In short, NCL posted a reasonably positive-mixed quarterly earnings. They beat their earnings per share by $0.02, however missed their target revenue by $14.86 million. ¬†This last parts a killer. Their stock is trading lower now because of it. But for a company that’s always struggled to stay in the black, these aren’t terrible earnings.

Full results after the jump:

Norwegian Cruise Line (Nasdaq:NCLH) (Norwegian Cruise Line Holdings Ltd., NCL Corporation Ltd., “Norwegian” or “the Company”), today reported results for the quarter ended June 30, 2013, and provided guidance for the third quarter and full year 2013.

Quarter Highlights

  • Adjusted Net Income growth of 67.1% to $60.2 million with Adjusted EPS of $0.29
  • Adjusted EBITDA increase of 12.8% to $152.3 million
  • Net Yield increase of 3.5% (3.7% on a Constant Currency basis)
  • Successful delivery and launch of Norwegian Breakaway
  • Refinancing transactions strengthen balance sheet, lower interest expense going forward

Second Quarter 2013 Results

“While the addition of Norwegian Breakaway to our fleet was undoubtedly the highlight of the quarter, our strong results, which include our twentieth consecutive quarter of year-over-year Adjusted EBITDA growth, are equally as notable,” said Kevin Sheehan, president and chief executive officer of Norwegian Cruise Line. “Other initiatives in the quarter, from the refinancing of certain credit facilities to further optimize our capital structure, to the enhancements carried out on Pride of America at her recent dry-dock, demonstrate our culture of leaving no stone unturned in order to add incremental value for our shareholders and enhance the cruise experience for our guests.”

The Company reported Adjusted Net Income for the second quarter of 2013 of $60.2 million and Adjusted EPS of $0.29 compared to $36.0 million and$0.20 in 2012, respectively. Adjusted Net Income and Adjusted EPS exclude expenses totaling $70.1 million related to refinancing transactions in the quarter (see “Transactions in the Quarter”). On a GAAP basis, net loss and diluted loss per share were $(8.8) million and $(0.04), respectively.

An increase in Capacity Days and improvement in Net Yield resulted in a 12.0% increase in Net Revenue in the quarter. The addition of Norwegian Breakaway to the fleet, partially offset by planned Dry-docks for Pride of America and Norwegian Pearl, contributed to the 8.2% increase in Capacity Days while improvements in both passenger ticket and onboard revenue resulted in a 3.5% (3.7% on a Constant Currency basis) increase in Net Yield.
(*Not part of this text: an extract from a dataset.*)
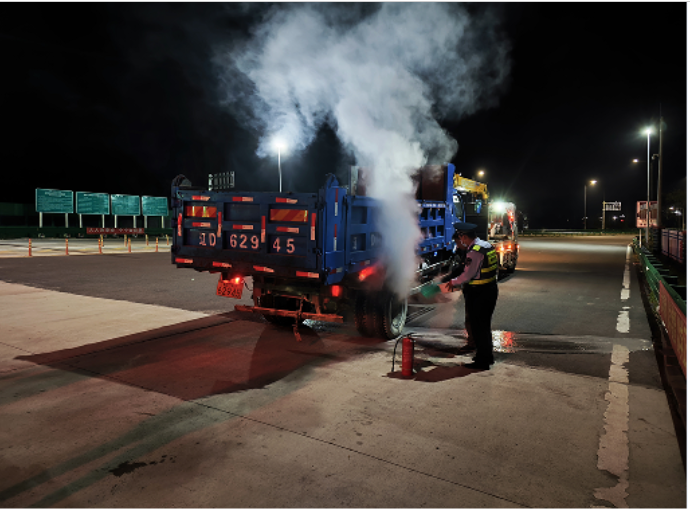 女人与公狍交酡女免费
Adjusted Net Cruise Cost Excluding Fuel per Capacity Day increased 4.8% on both an as reported and Constant Currency basis over prior year due to the timing of planned Dry-docks along with inaugural and launch expenses related to Norwegian Breakaway. Fuel price per metric ton, net of hedges, was essentially flat to prior year at $686 compared to $684 in 2012.

Interest expense, net in the quarter exceeded prior year by $54.8 million primarily due to expenses totaling $70.1 million related to the refinancing of certain credit facilities and the redemption of the remaining balance of the Company’s $350 million 9.5% Senior Unsecured Notes due 2018 (see “Transactions in the Quarter”).

Transactions in the Quarter

During the quarter the Company completed two refinancing transactions which strengthened the Company’s balance sheet and will reduce interest expense going forward. The first transaction, a new $1.3 billion credit facility comprised of a $675 million term loan and a $625 million non-amortizing revolving credit facility, refinanced certain credit facilities secured by Norwegian Star, Spirit, Sun, Dawn, Pearl and Gem. In conjunction with this transaction the Company redeemed the remaining $228 million outstanding balance of its $350 million 9.5% Senior Unsecured Notes due 2018. The second transaction amended certain credit facilities secured by Norwegian Jewel, Jade and Pride of America to reduce applicable margins and enhance certain terms and conditions. These transactions resulted in no material change in debt levels. Expenses related to the transactions, including write-off of deferred financing fees and premiums for the redemption of the Senior Unsecured Notes, totaled $70.1 million and are included in interest expense.